What you need to do ::
What are the lines from the one containing "Dolce & Gabbana" through the last line of the records below? Return them exactly, leaving out pictures.

▬▬▬▬▬▬

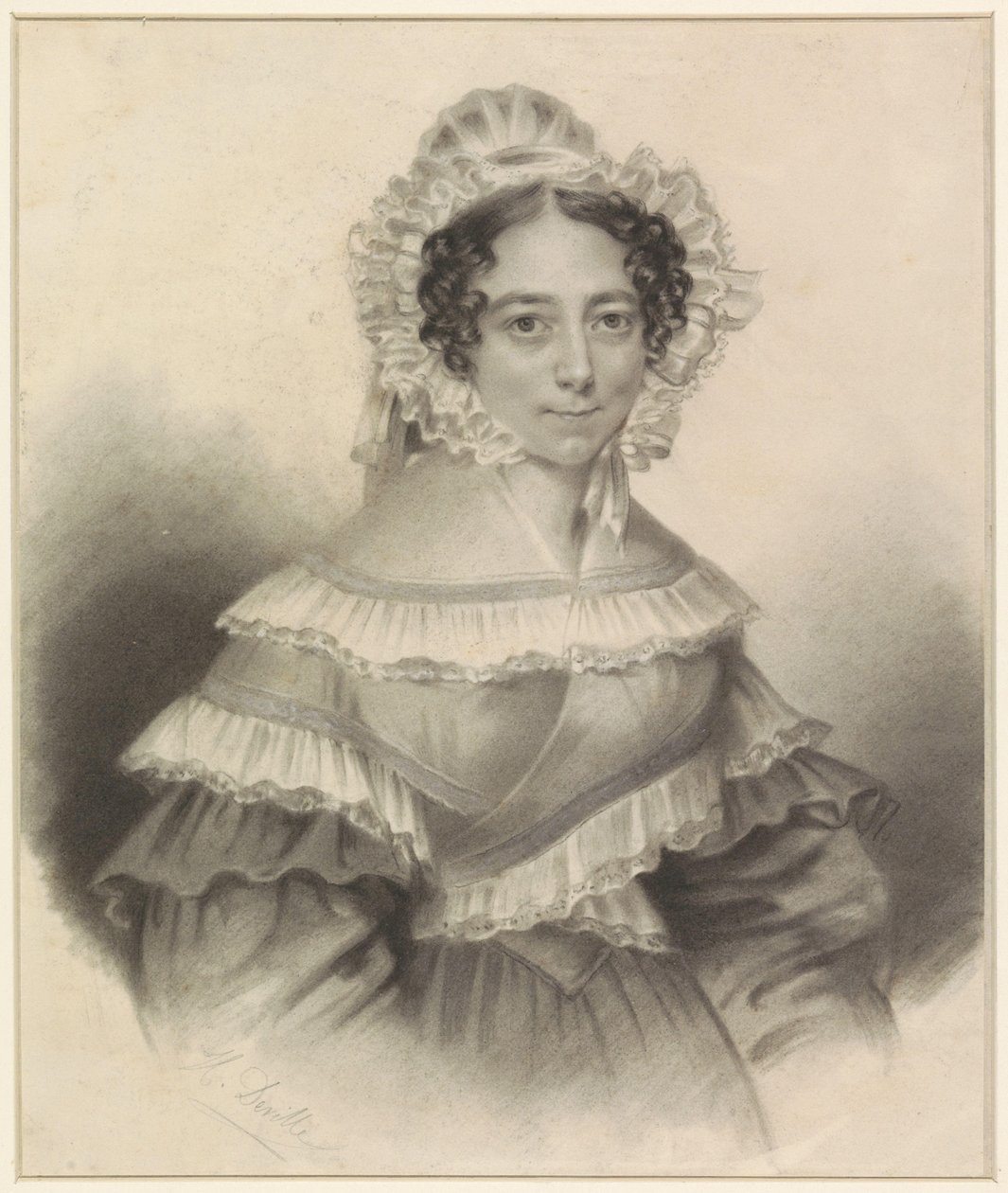 Portræt af en dame af H. Deville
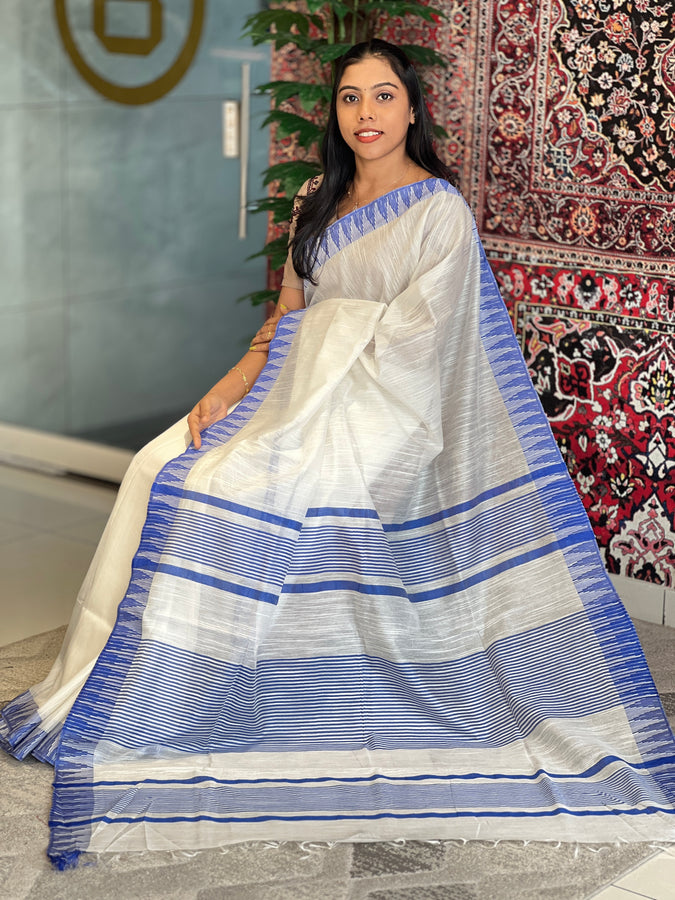 Temple Border Detailed Chanderi Finish Saree | NHH534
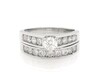 Thumbnail Image 1 of Previously Owned Round-Cut Diamond Bridal Set 1-3/8 ct tw 14K White Gold Size 7.25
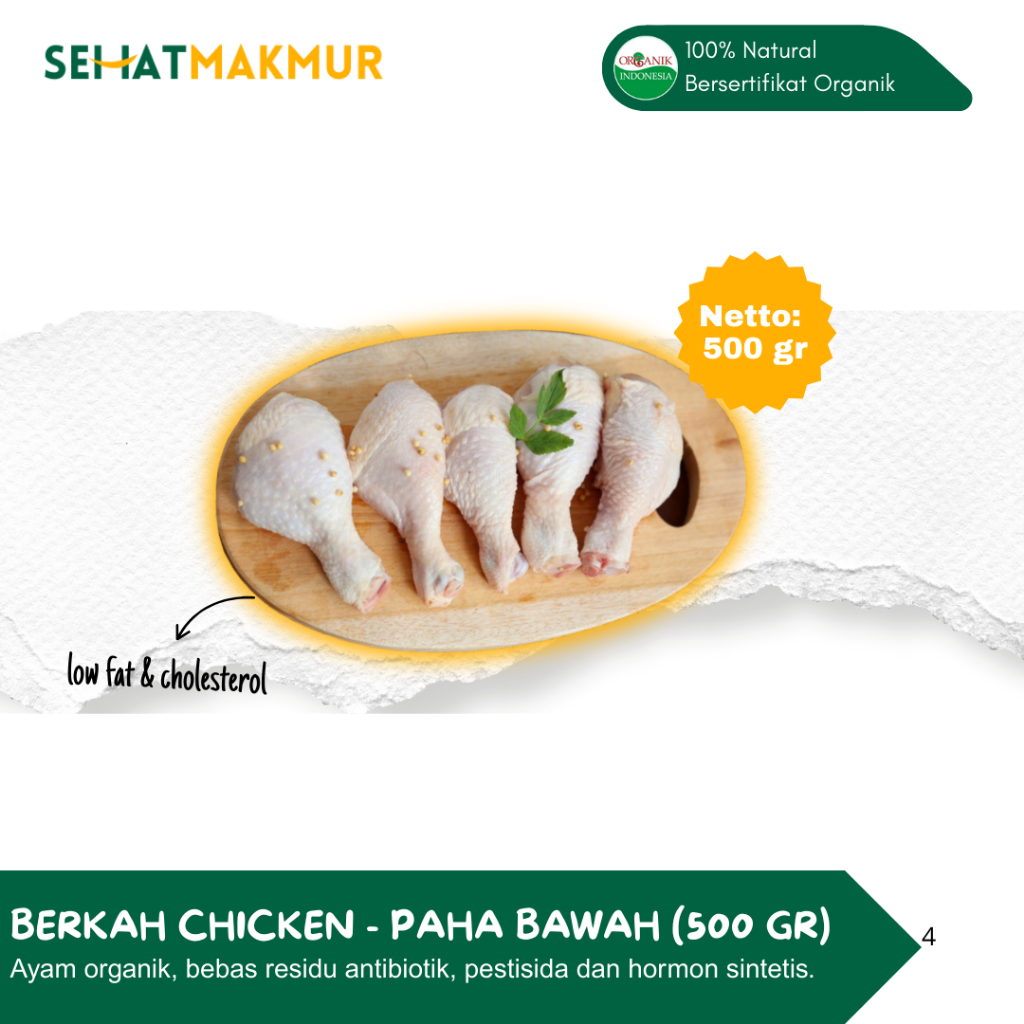 

Berkah Chicken - Paha Bawah (500 gr) (Ayam Organik Prebiotik, Bebas Antibiotik, Pestisida dan Hormon Sintetis)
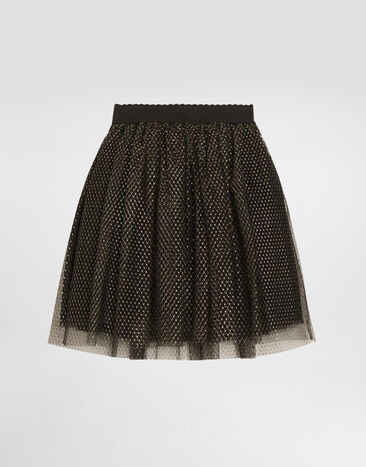 Dolce & Gabbana Jupe en tulle et lurex Doré L55I41HLMVT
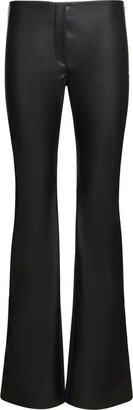 Paneled flared faux leather pants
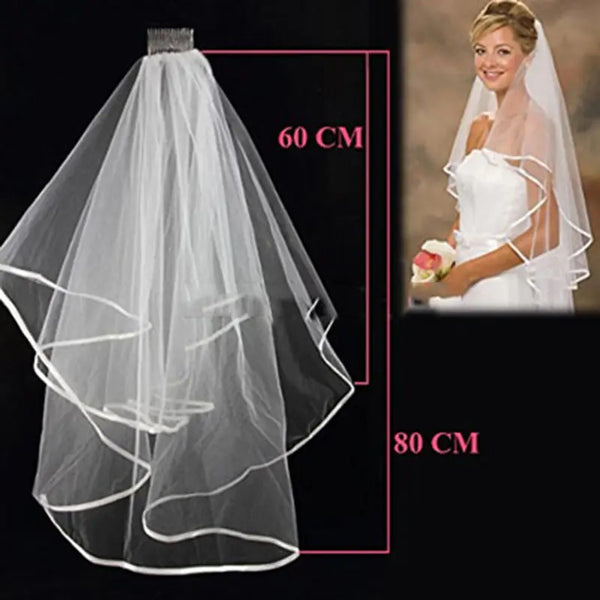 White Lace Bridal Veils with Comb Short Two Layer Elegant Vintage Wedding Veils for Bride Cosplay Costume Hair Accessor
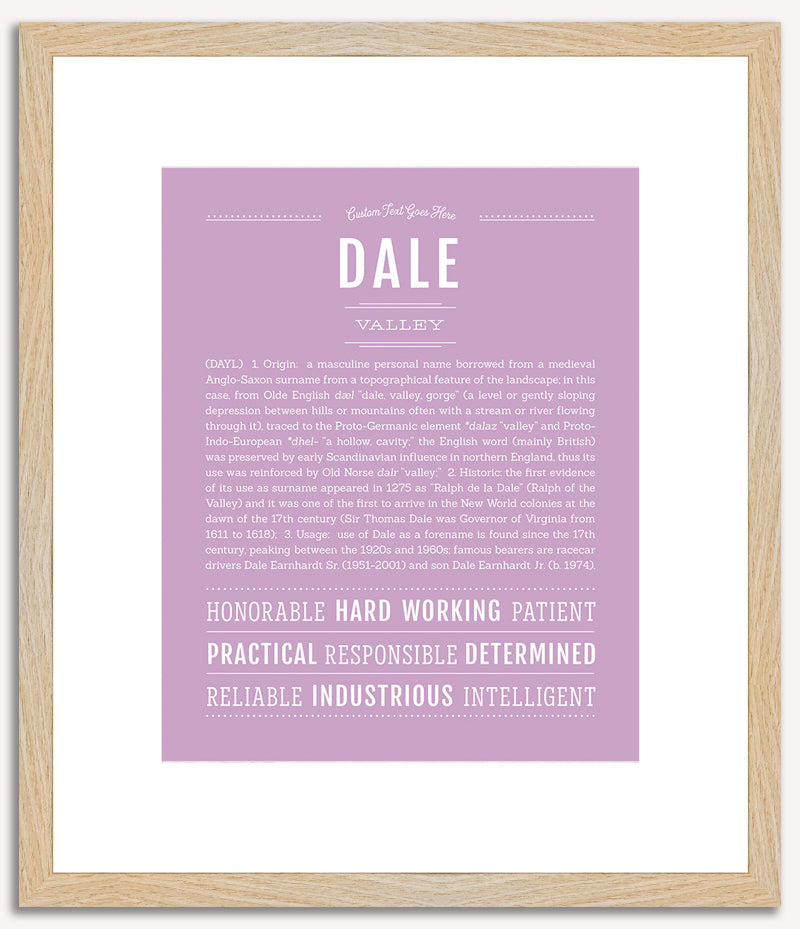 Dale (male) | Name Art Print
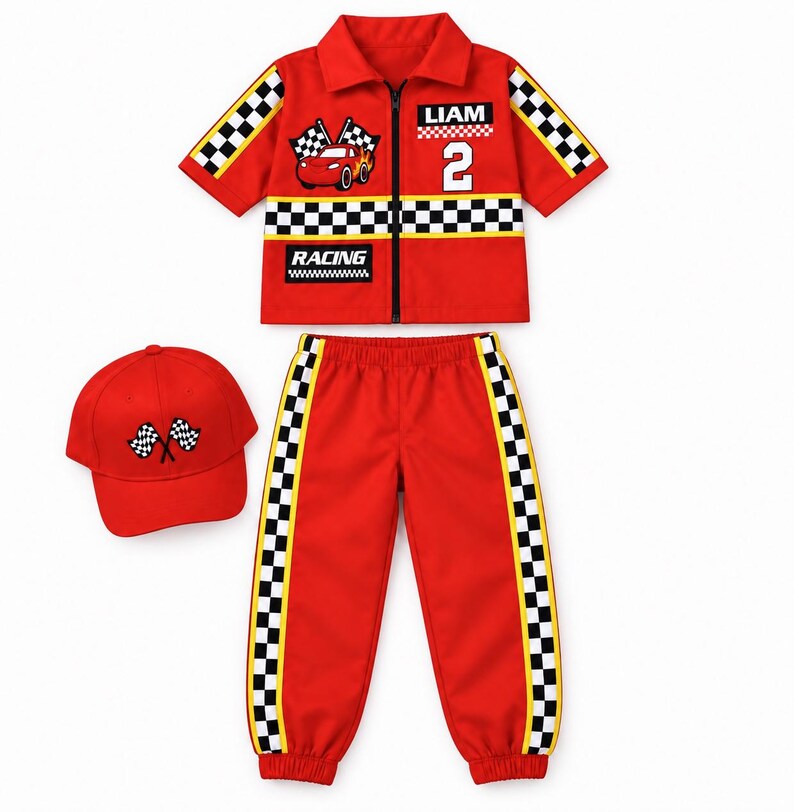 May include: A red racing-themed outfit consisting of a short-sleeved collared zip-up jacket, matching pants, and a baseball cap. The jacket features a checkered pattern, a race car graphic, the name LIAM, the number 2, and the word RACING.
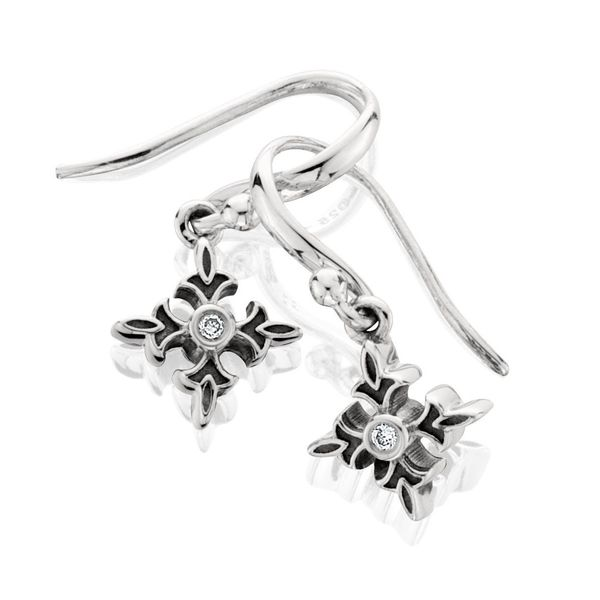 Sterling Silver Diamond Dangle Earrings Sam Dial Jewelers Pullman, WA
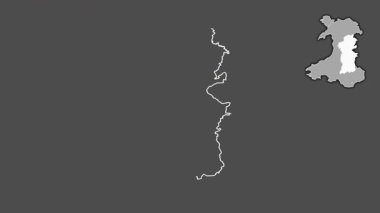 Powys, Galler - Büyük Britanya, dışlanmış ve izole edilmiş. Gri Tonlama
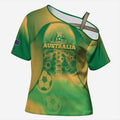 Custom Australia Soccer Cross Shoulder Shirt Skeleton Gradient Vintage Spray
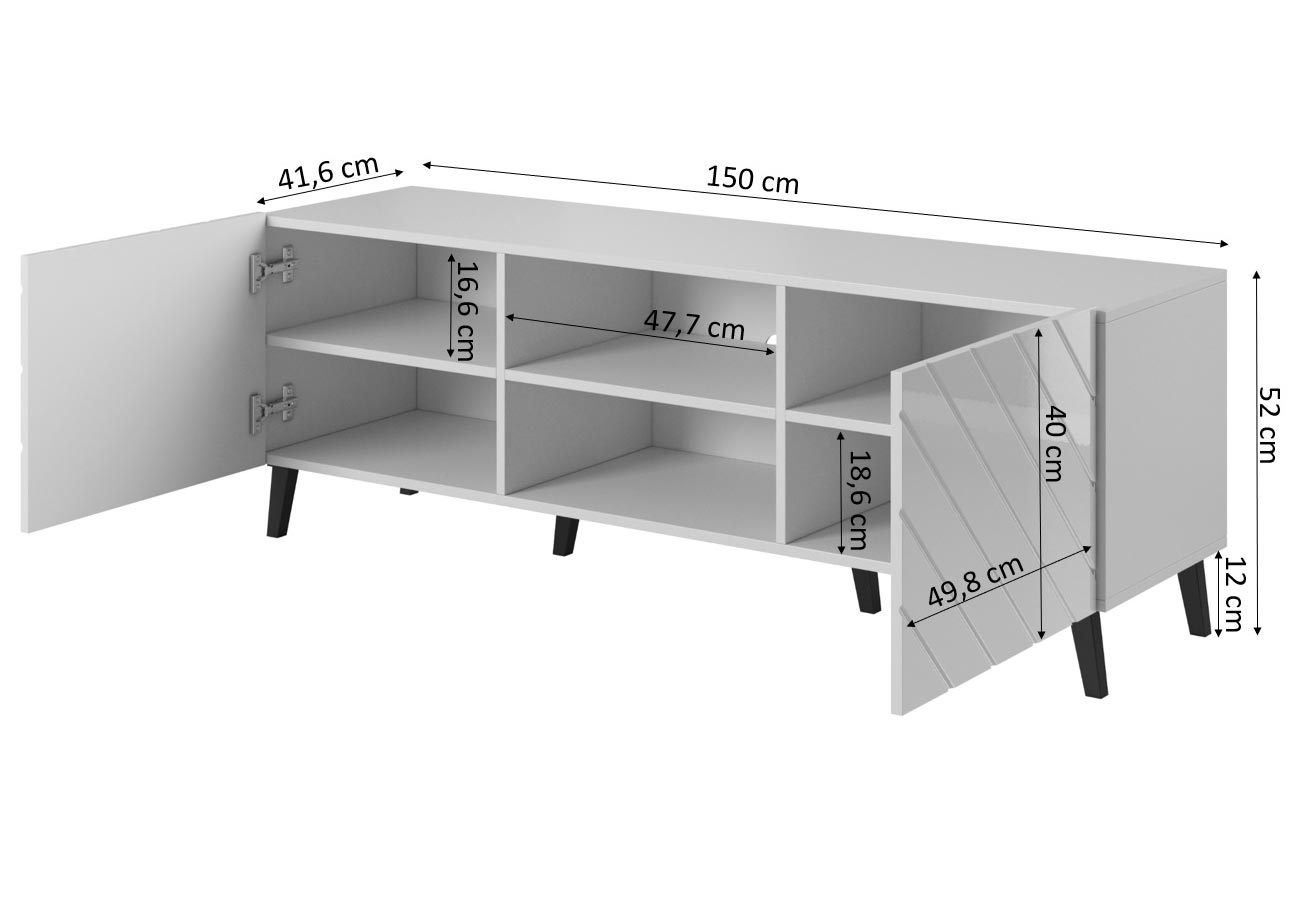 Tv-taso Aspen 150cm Valkoinen mitat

▬▬▬▬▬▬

Answer to the exercise ::
 Dolce & Gabbana Jupe en tulle et lurex Doré L55I41HLMVT
 Paneled flared faux leather pants
 White Lace Bridal Veils with Comb Short Two Layer Elegant Vintage Wedding Veils for Bride Cosplay Costume Hair Accessor
 Dale (male) | Name Art Print
 May include: A red racing-themed outfit consisting of a short-sleeved collared zip-up jacket, matching pants, and a baseball cap. The jacket features a checkered pattern, a race car graphic, the name LIAM, the number 2, and the word RACING.
 Sterling Silver Diamond Dangle Earrings Sam Dial Jewelers Pullman, WA
 Powys, Galler - Büyük Britanya, dışlanmış ve izole edilmiş. Gri Tonlama
 Custom Australia Soccer Cross Shoulder Shirt Skeleton Gradient Vintage Spray
 Tv-taso Aspen 150cm Valkoinen mitat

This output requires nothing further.